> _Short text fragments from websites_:
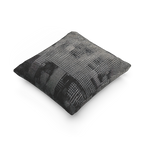 Faded Geometric Net Patterned Woven Pillow side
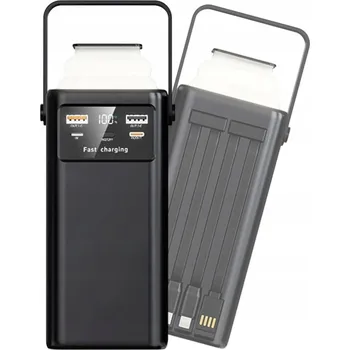 Powerbanka POWERBANK 60000MAH 45W PD QC4.0 7X NABÍJENÍ SVÍTILNA POPRUH NA NOŠENÍ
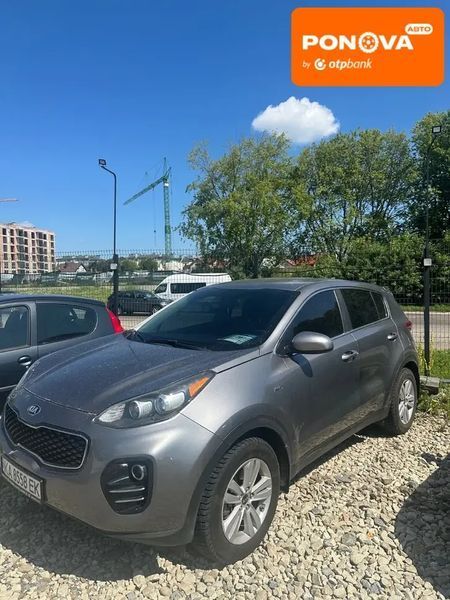 Kia Sportage, 2017 р., Бензин, 110 тис. км, Позашляховик / Кросовер, Сірий, Львів AT-10397640 фото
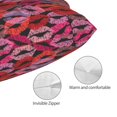 thumbnail image 3 of Balery Red Lips Kissing Funda de Cojín Estampada, Regalos para Mujeres, Regalos de Amor para Ella, Regalos para Novia o Esposa, Funda de Almohada-14"x20", 3 of 6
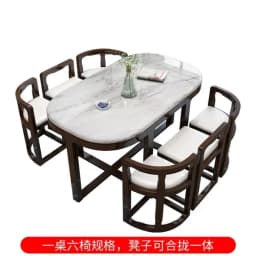 For Wooden Modern Dining Room 6 Chairs Eclectic Large Kitchen Console Table Chairs Chinese Mesas De Comedor Kitchen Furniture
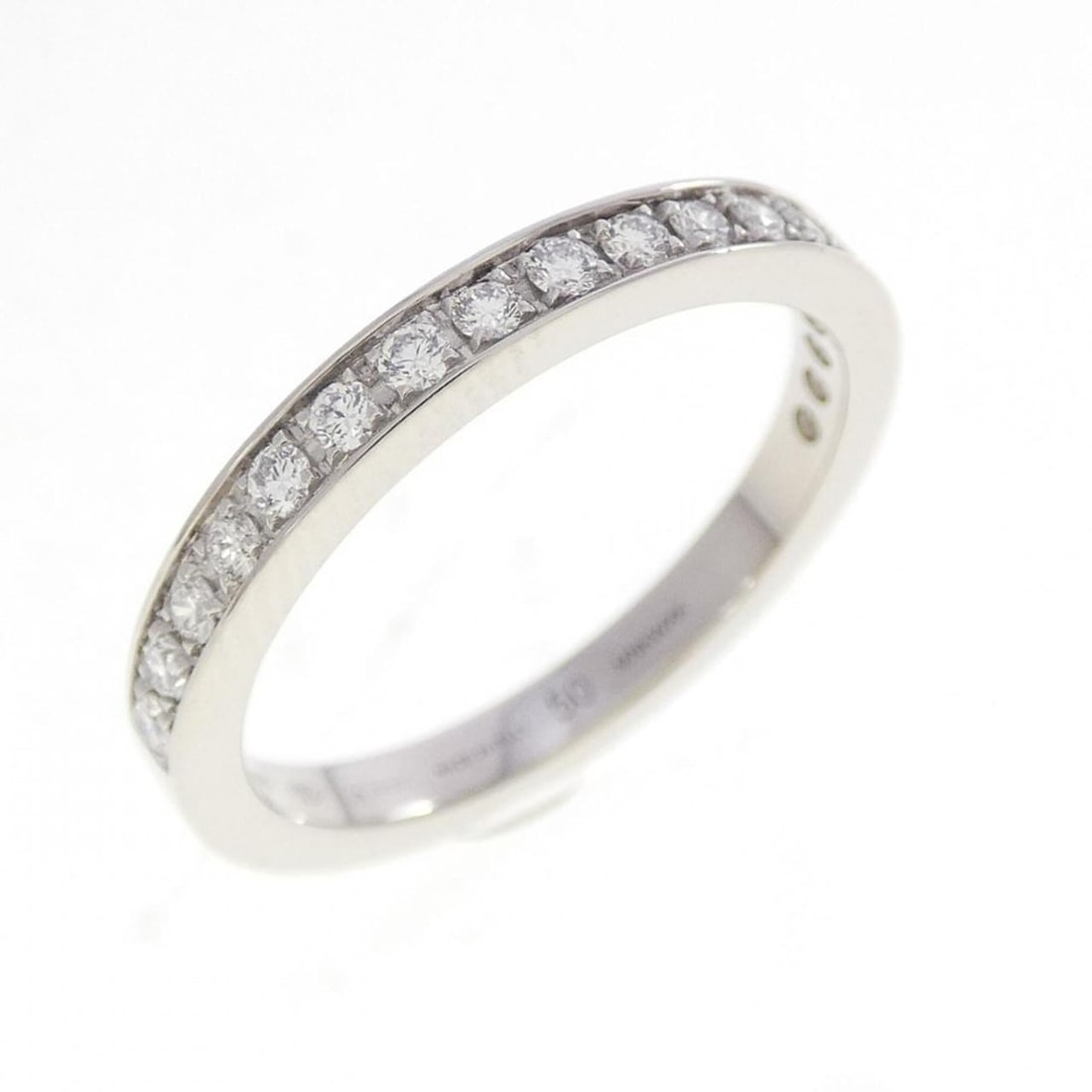 Bvlgari Dedicata a Venezia Ring: --- Catalog ---Category: SizeUS Size: 5.5Brand Size: 50Category: DesignType: Band ringGender: WomenMaterial: Platinum 950Category: GeneralBrand: Bvlgari--- Item List ---Section: ConditionRanking:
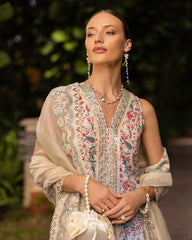 Zinnia Luxury Lawn By Faiza Saqlain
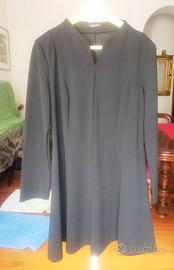 Abito nero maniche lunghe con cinta taglia 44
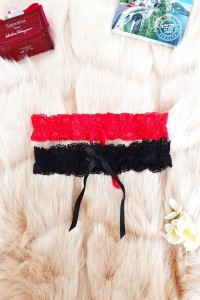 Jartiera Jolie Anna Alb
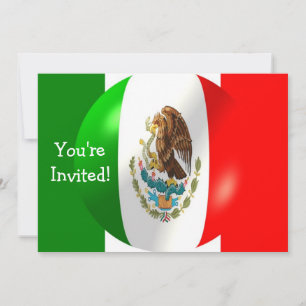 Mexican Flag Design Any Occasion Invitation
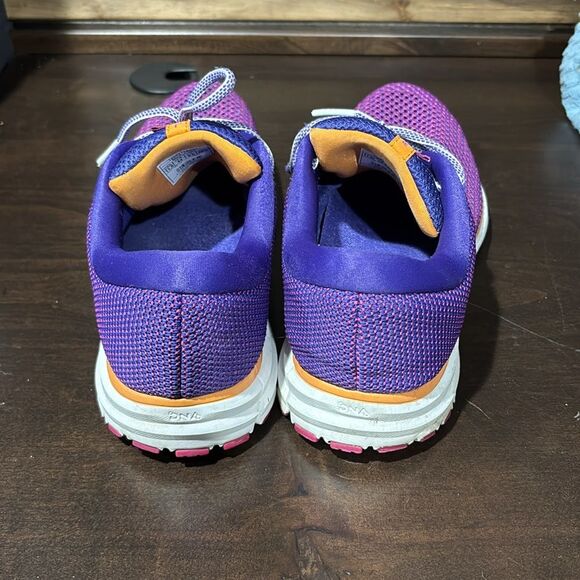 Brooks Revel 2 Purple Orange Running Walking Comfort Shoes Size 11.5 - Picture 10 of 11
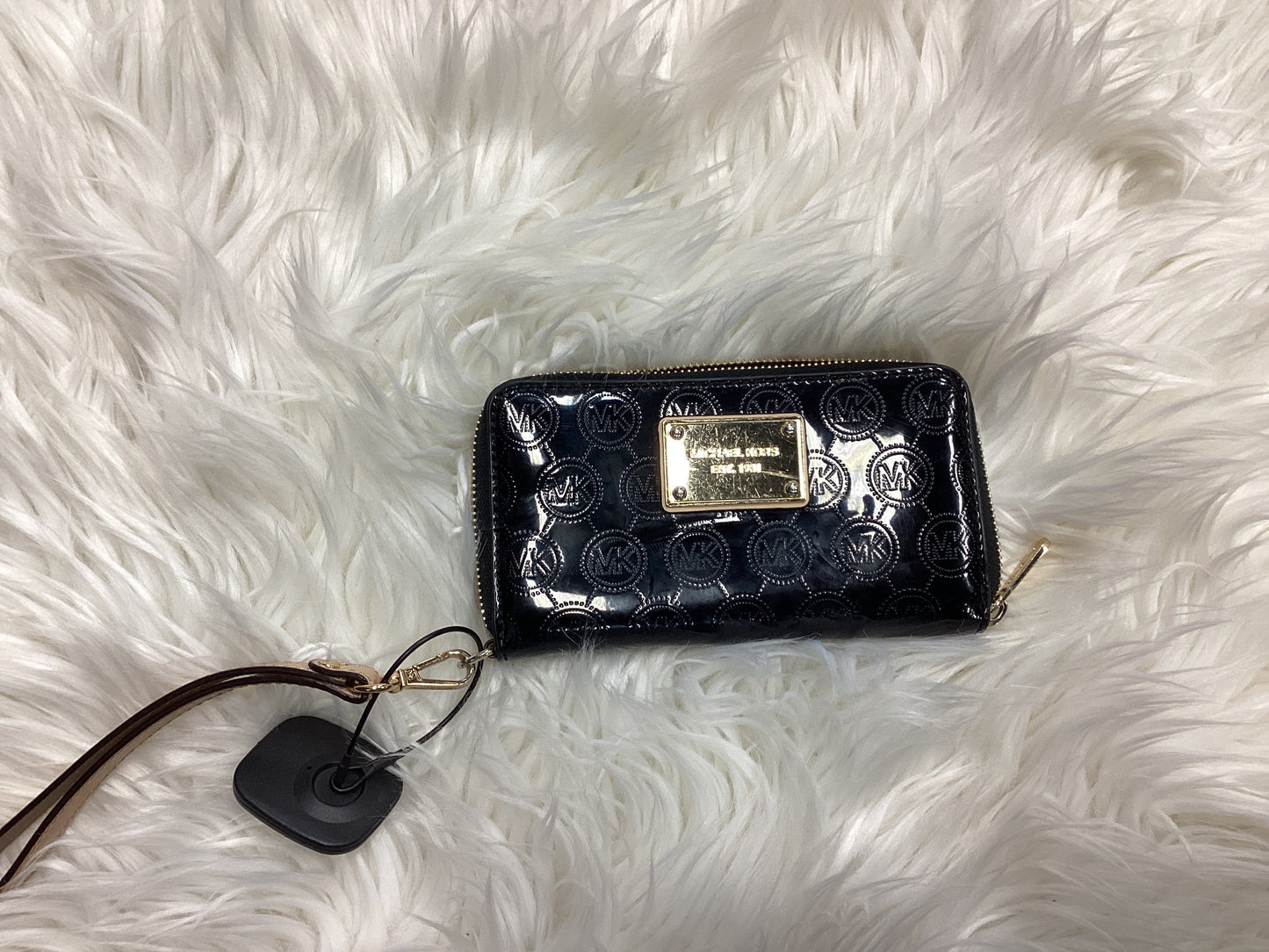 Wristlet By Michael By Michael Kors In Black, Size:Medium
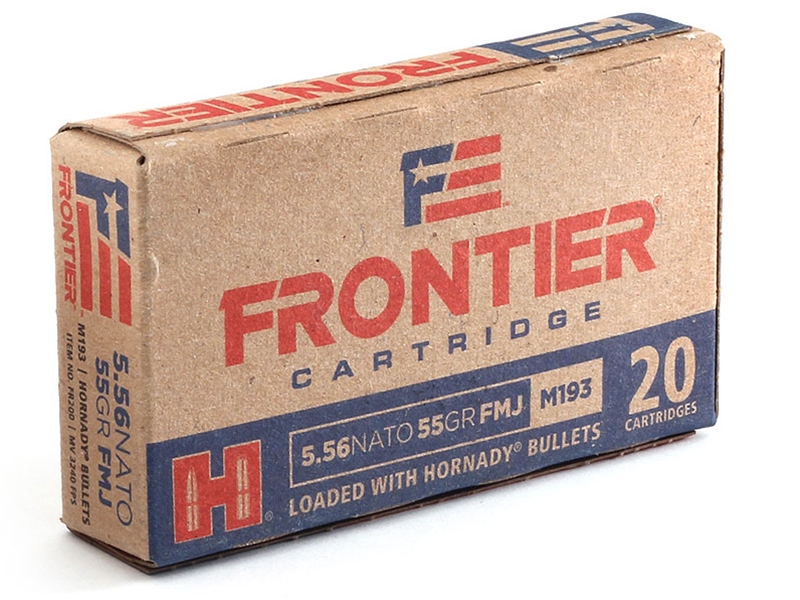 Hornady Frontier 5.56mm 55gr FMJ M193 20rd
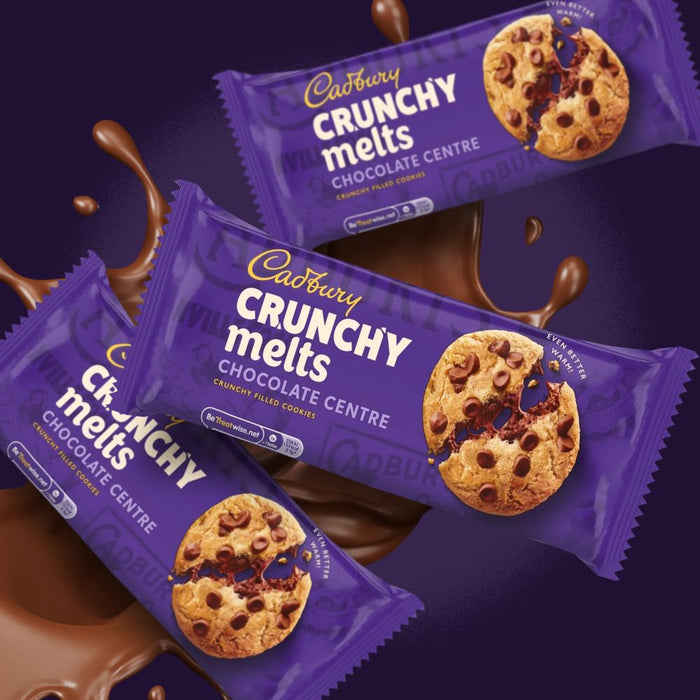C'bury Crunchy Melts - Chocolate Centre - 156G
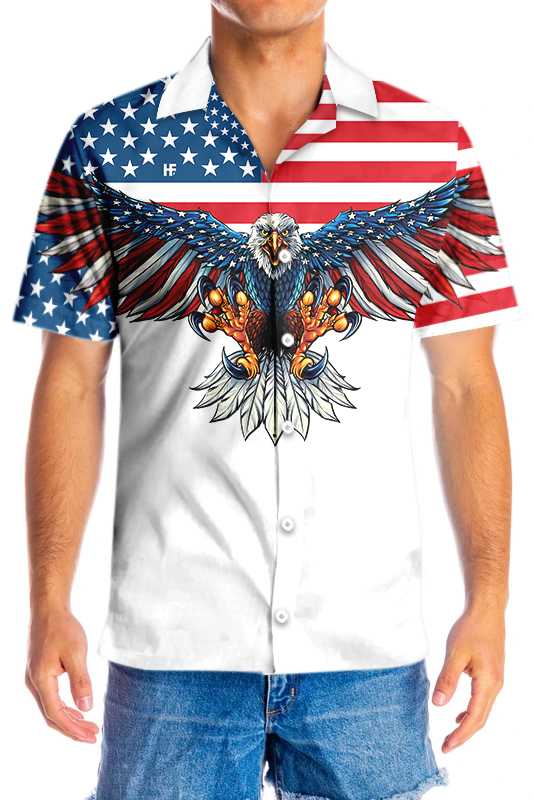 American Eagle Stay Strong Shirt For Men Hawaiian Shirt 4.jpg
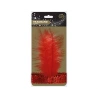 Retro headband (50-60 cm) with a red 20 cm feather
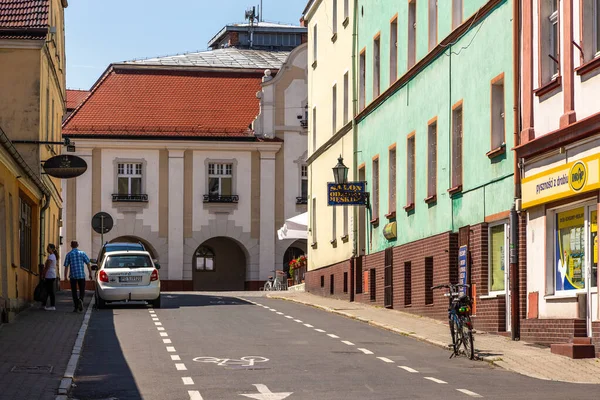 Jarocin Polonia Mayo 2016 Plaza Principal Con Ayuntamiento Barroco Que — Foto de Stock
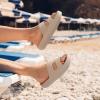 imageshevalues Orthopedic Slide Sandals for Women with Arch Support Pillow Soft Recovery Slip on Sandals Lightweight Summer Cloud Slippers for Plantar FasciitisUpdate Sand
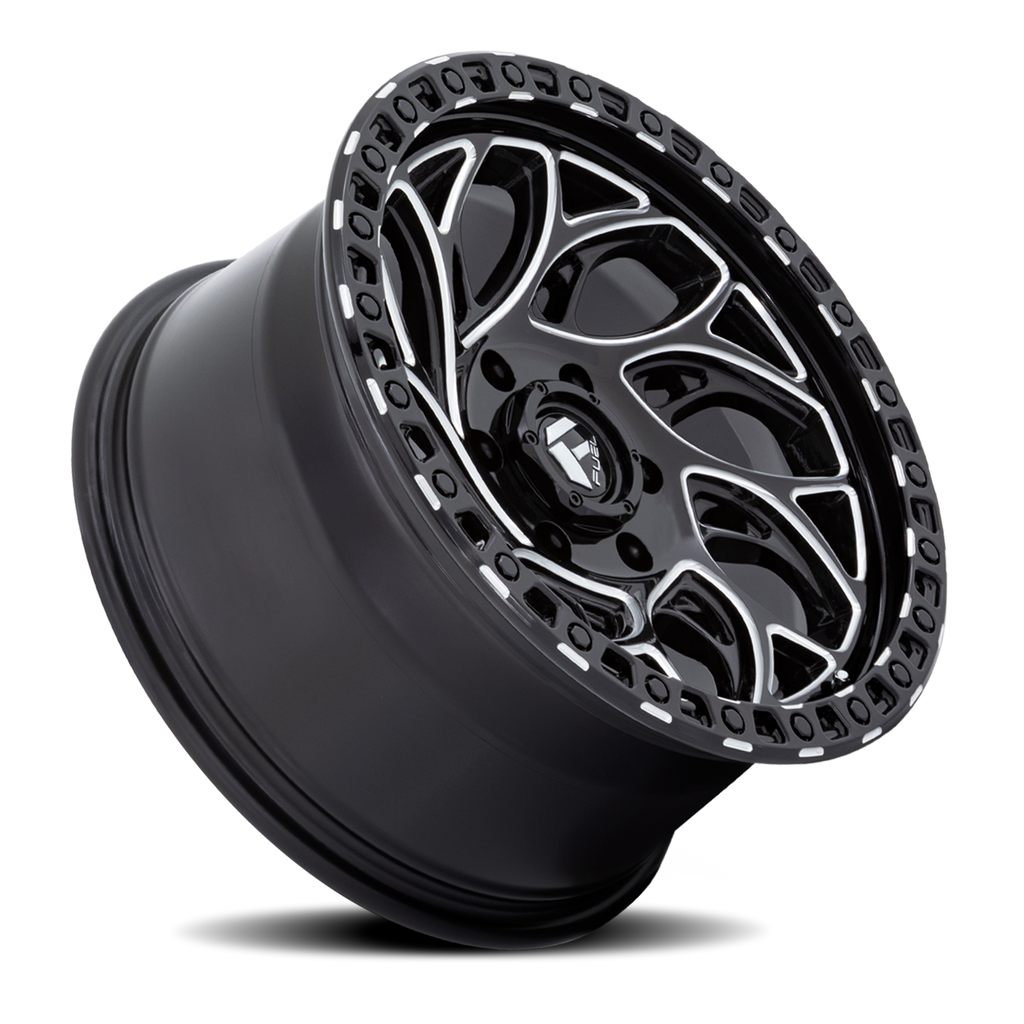 Aluminum Wheels 20X9 Runner OR D840 6 On 139.7 Gloss Black Milled 106.1 Bore 1 Offset Fuel Off Road Wheels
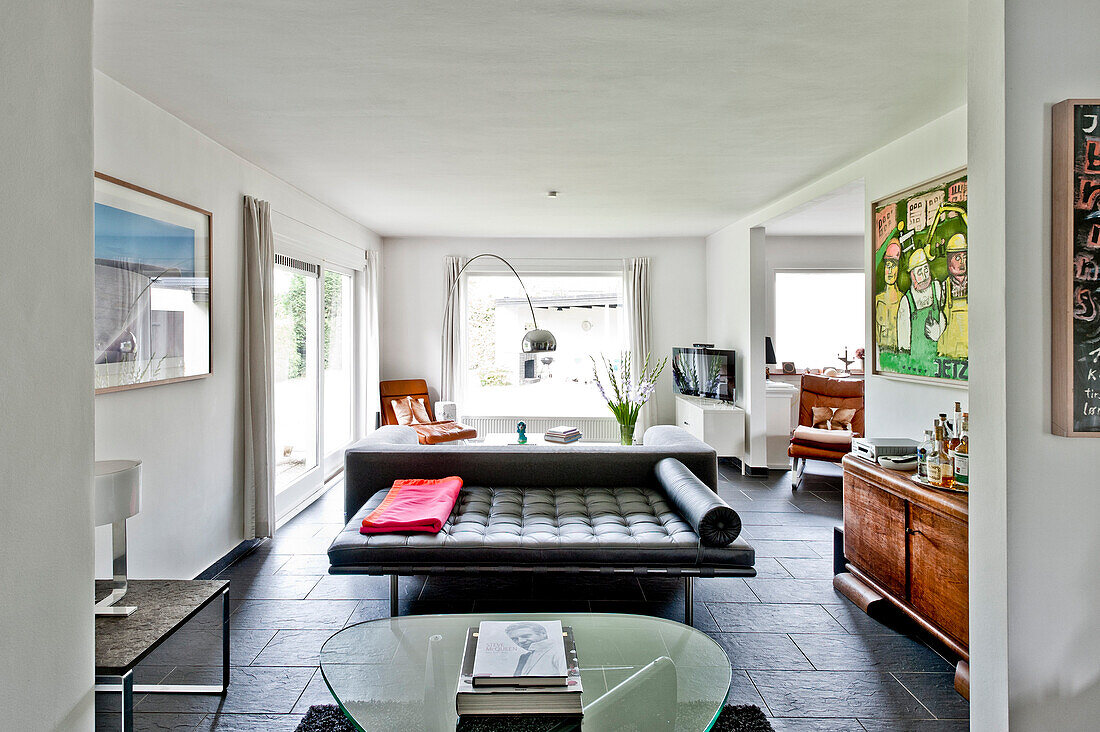 Living room, Bauhaus residential house, Hamburg, Germany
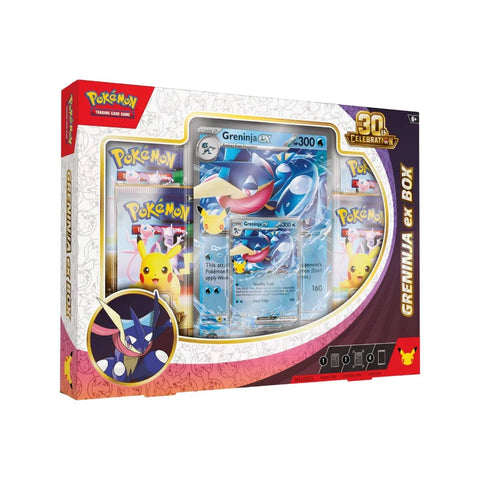 Pokemon 30th Anniversary Celebration Greninja ex Collection Box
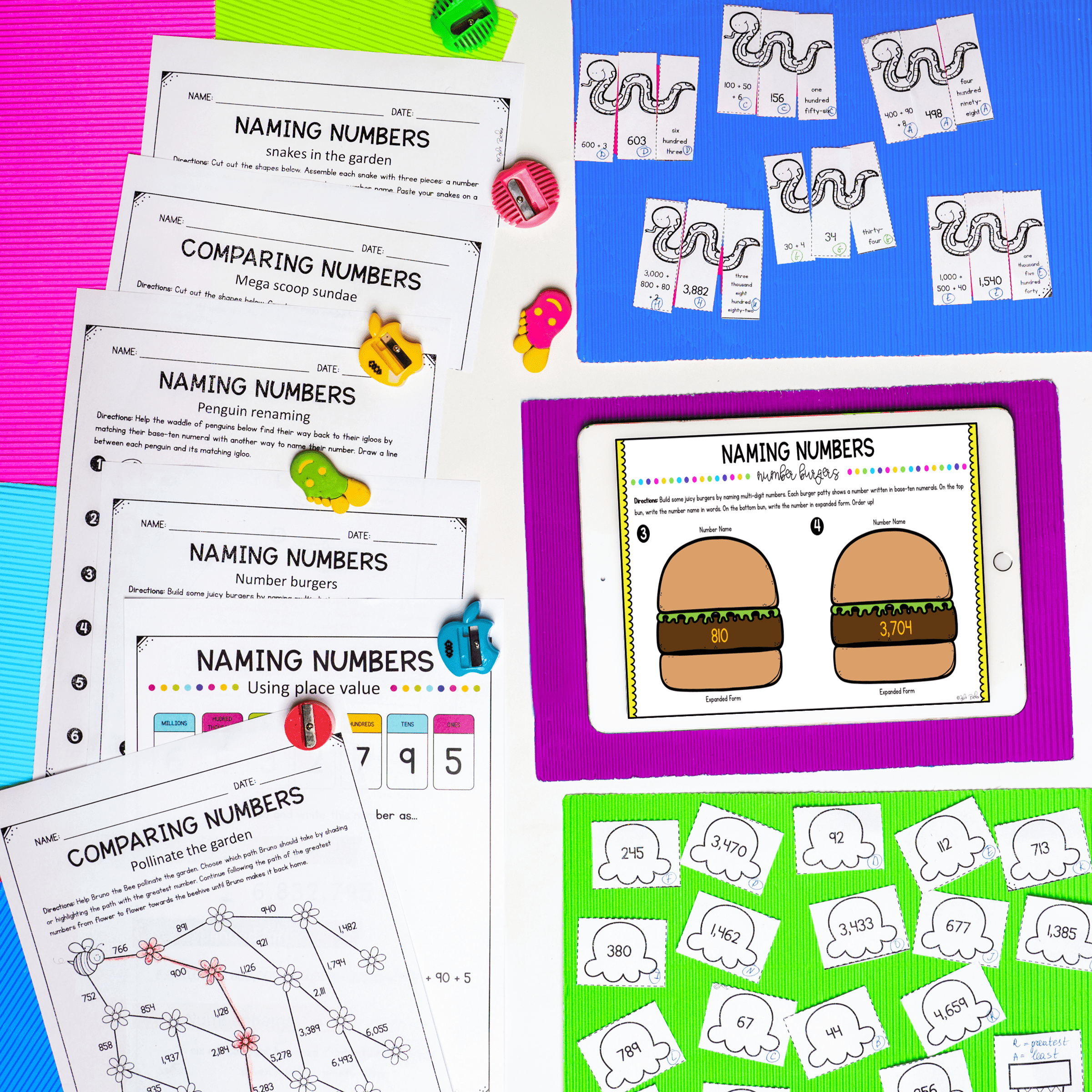 Naming & Comparing Numbers - 4th Grade Math - Print & Digital - 4.NBT.A.2 - Image 5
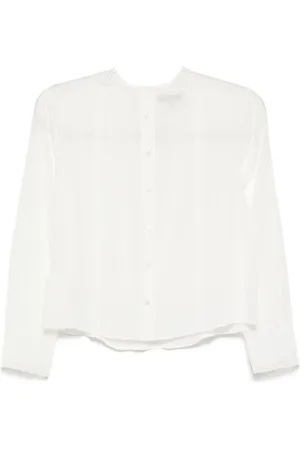 SHIATZY CHEN Top med chiffon-broderi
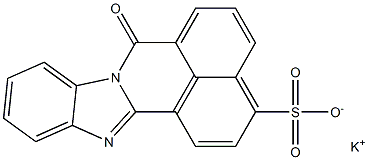 7-Oxo-7H-benzimidazo[2,1-a]benz[de]isoquinoline-3-sulfonic acid potassium salt Structure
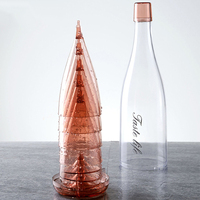 Gobelet de voyage en plastique Transparent, ensemble de verres à Champagne, pour boisson froide, gobelet à vin rouge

> _WHAT IS BEING ASKED_: Within the data above, repeat exactly the lines from the one bearing "Hornady Frontier 5.56mm 55gr FMJ M193 20rd" through the one bearing "Pokemon 30th Anniversary". Include no pictures and nothing else.

> _ANSWER BOX_:
 Hornady Frontier 5.56mm 55gr FMJ M193 20rd
C'bury Crunchy Melts - Chocolate Centre - 156G
 American Eagle Stay Strong Shirt For Men Hawaiian Shirt 4.jpg
 Retro headband (50-60 cm) with a red 20 cm feather
 Jarocin Polonia Mayo 2016 Plaza Principal Con Ayuntamiento Barroco Que — Foto de Stock
 imageshevalues Orthopedic Slide Sandals for Women with Arch Support Pillow Soft Recovery Slip on Sandals Lightweight Summer Cloud Slippers for Plantar FasciitisUpdate Sand
 Aluminum Wheels 20X9 Runner OR D840 6 On 139.7 Gloss Black Milled 106.1 Bore 1 Offset Fuel Off Road Wheels
 Living room, Bauhaus residential house, Hamburg, Germany
 Pokemon 30th Anniversary Celebration Greninja ex Collection Box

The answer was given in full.